▶ _GIVEN RECORDS_:
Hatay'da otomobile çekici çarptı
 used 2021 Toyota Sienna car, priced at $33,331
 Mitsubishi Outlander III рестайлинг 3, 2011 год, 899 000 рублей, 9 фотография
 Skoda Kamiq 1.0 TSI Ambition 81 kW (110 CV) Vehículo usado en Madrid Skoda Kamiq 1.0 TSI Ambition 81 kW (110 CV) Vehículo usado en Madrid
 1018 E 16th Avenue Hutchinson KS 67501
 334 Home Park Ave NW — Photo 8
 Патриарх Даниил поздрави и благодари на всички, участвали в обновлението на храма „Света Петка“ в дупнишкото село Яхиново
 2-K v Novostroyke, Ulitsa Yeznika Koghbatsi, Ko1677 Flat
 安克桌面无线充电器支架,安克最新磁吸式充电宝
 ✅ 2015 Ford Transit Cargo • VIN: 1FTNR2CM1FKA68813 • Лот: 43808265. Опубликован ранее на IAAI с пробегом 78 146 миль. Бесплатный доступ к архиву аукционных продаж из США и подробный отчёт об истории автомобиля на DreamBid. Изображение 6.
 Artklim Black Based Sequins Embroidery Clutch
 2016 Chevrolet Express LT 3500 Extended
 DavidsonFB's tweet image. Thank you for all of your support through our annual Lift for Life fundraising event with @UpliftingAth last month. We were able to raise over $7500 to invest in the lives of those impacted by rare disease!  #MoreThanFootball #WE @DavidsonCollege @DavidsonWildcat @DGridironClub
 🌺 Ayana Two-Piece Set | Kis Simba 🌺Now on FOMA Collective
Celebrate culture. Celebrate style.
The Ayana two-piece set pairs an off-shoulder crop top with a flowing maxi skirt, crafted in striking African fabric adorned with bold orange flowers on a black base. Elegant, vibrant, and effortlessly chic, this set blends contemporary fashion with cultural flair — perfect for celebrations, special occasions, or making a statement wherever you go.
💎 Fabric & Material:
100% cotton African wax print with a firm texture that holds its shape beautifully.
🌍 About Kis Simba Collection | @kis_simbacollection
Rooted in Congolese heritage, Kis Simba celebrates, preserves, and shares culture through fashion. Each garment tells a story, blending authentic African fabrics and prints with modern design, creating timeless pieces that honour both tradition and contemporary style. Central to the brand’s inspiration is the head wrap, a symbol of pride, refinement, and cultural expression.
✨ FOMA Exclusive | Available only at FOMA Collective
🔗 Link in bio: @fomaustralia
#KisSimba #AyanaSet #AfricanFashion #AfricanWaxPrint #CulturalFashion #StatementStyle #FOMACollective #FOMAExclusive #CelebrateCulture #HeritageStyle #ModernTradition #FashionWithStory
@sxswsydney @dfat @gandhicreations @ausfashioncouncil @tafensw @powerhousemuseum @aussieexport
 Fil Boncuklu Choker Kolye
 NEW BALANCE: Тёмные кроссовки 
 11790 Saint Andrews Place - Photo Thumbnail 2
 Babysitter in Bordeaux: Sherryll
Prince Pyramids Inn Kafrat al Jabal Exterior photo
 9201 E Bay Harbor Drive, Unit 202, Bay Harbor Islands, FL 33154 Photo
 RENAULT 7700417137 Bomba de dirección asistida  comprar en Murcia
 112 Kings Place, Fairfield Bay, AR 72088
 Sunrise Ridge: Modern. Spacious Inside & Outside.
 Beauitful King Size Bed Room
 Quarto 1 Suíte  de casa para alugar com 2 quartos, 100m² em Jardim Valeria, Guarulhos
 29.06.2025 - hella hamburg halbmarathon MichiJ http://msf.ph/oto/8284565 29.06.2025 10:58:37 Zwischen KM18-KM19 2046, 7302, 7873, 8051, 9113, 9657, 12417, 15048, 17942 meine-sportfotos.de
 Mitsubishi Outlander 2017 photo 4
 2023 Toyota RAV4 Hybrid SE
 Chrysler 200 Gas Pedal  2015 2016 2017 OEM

▶ _EXERCISE OBJECTIVE_: Give the listing again in full, and make every line match exactly.

▶ _COMPLETED TASK_:
Hatay'da otomobile çekici çarptı
 used 2021 Toyota Sienna car, priced at $33,331
 Mitsubishi Outlander III рестайлинг 3, 2011 год, 899 000 рублей, 9 фотография
 Skoda Kamiq 1.0 TSI Ambition 81 kW (110 CV) Vehículo usado en Madrid Skoda Kamiq 1.0 TSI Ambition 81 kW (110 CV) Vehículo usado en Madrid
 1018 E 16th Avenue Hutchinson KS 67501
 334 Home Park Ave NW — Photo 8
 Патриарх Даниил поздрави и благодари на всички, участвали в обновлението на храма „Света Петка“ в дупнишкото село Яхиново
 2-K v Novostroyke, Ulitsa Yeznika Koghbatsi, Ko1677 Flat
 安克桌面无线充电器支架,安克最新磁吸式充电宝
 ✅ 2015 Ford Transit Cargo • VIN: 1FTNR2CM1FKA68813 • Лот: 43808265. Опубликован ранее на IAAI с пробегом 78 146 миль. Бесплатный доступ к архиву аукционных продаж из США и подробный отчёт об истории автомобиля на DreamBid. Изображение 6.
 Artklim Black Based Sequins Embroidery Clutch
 2016 Chevrolet Express LT 3500 Extended
 DavidsonFB's tweet image. Thank you for all of your support through our annual Lift for Life fundraising event with @UpliftingAth last month. We were able to raise over $7500 to invest in the lives of those impacted by rare disease!  #MoreThanFootball #WE @DavidsonCollege @DavidsonWildcat @DGridironClub
 🌺 Ayana Two-Piece Set | Kis Simba 🌺Now on FOMA Collective
Celebrate culture. Celebrate style.
The Ayana two-piece set pairs an off-shoulder crop top with a flowing maxi skirt, crafted in striking African fabric adorned with bold orange flowers on a black base. Elegant, vibrant, and effortlessly chic, this set blends contemporary fashion with cultural flair — perfect for celebrations, special occasions, or making a statement wherever you go.
💎 Fabric & Material:
100% cotton African wax print with a firm texture that holds its shape beautifully.
🌍 About Kis Simba Collection | @kis_simbacollection
Rooted in Congolese heritage, Kis Simba celebrates, preserves, and shares culture through fashion. Each garment tells a story, blending authentic African fabrics and prints with modern design, creating timeless pieces that honour both tradition and contemporary style. Central to the brand’s inspiration is the head wrap, a symbol of pride, refinement, and cultural expression.
✨ FOMA Exclusive | Available only at FOMA Collective
🔗 Link in bio: @fomaustralia
#KisSimba #AyanaSet #AfricanFashion #AfricanWaxPrint #CulturalFashion #StatementStyle #FOMACollective #FOMAExclusive #CelebrateCulture #HeritageStyle #ModernTradition #FashionWithStory
@sxswsydney @dfat @gandhicreations @ausfashioncouncil @tafensw @powerhousemuseum @aussieexport
 Fil Boncuklu Choker Kolye
 NEW BALANCE: Тёмные кроссовки 
 11790 Saint Andrews Place - Photo Thumbnail 2
 Babysitter in Bordeaux: Sherryll
Prince Pyramids Inn Kafrat al Jabal Exterior photo
 9201 E Bay Harbor Drive, Unit 202, Bay Harbor Islands, FL 33154 Photo
 RENAULT 7700417137 Bomba de dirección asistida  comprar en Murcia
 112 Kings Place, Fairfield Bay, AR 72088
 Sunrise Ridge: Modern. Spacious Inside & Outside.
 Beauitful King Size Bed Room
 Quarto 1 Suíte  de casa para alugar com 2 quartos, 100m² em Jardim Valeria, Guarulhos
 29.06.2025 - hella hamburg halbmarathon MichiJ http://msf.ph/oto/8284565 29.06.2025 10:58:37 Zwischen KM18-KM19 2046, 7302, 7873, 8051, 9113, 9657, 12417, 15048, 17942 meine-sportfotos.de
 Mitsubishi Outlander 2017 photo 4
 2023 Toyota RAV4 Hybrid SE
 Chrysler 200 Gas Pedal  2015 2016 2017 OEM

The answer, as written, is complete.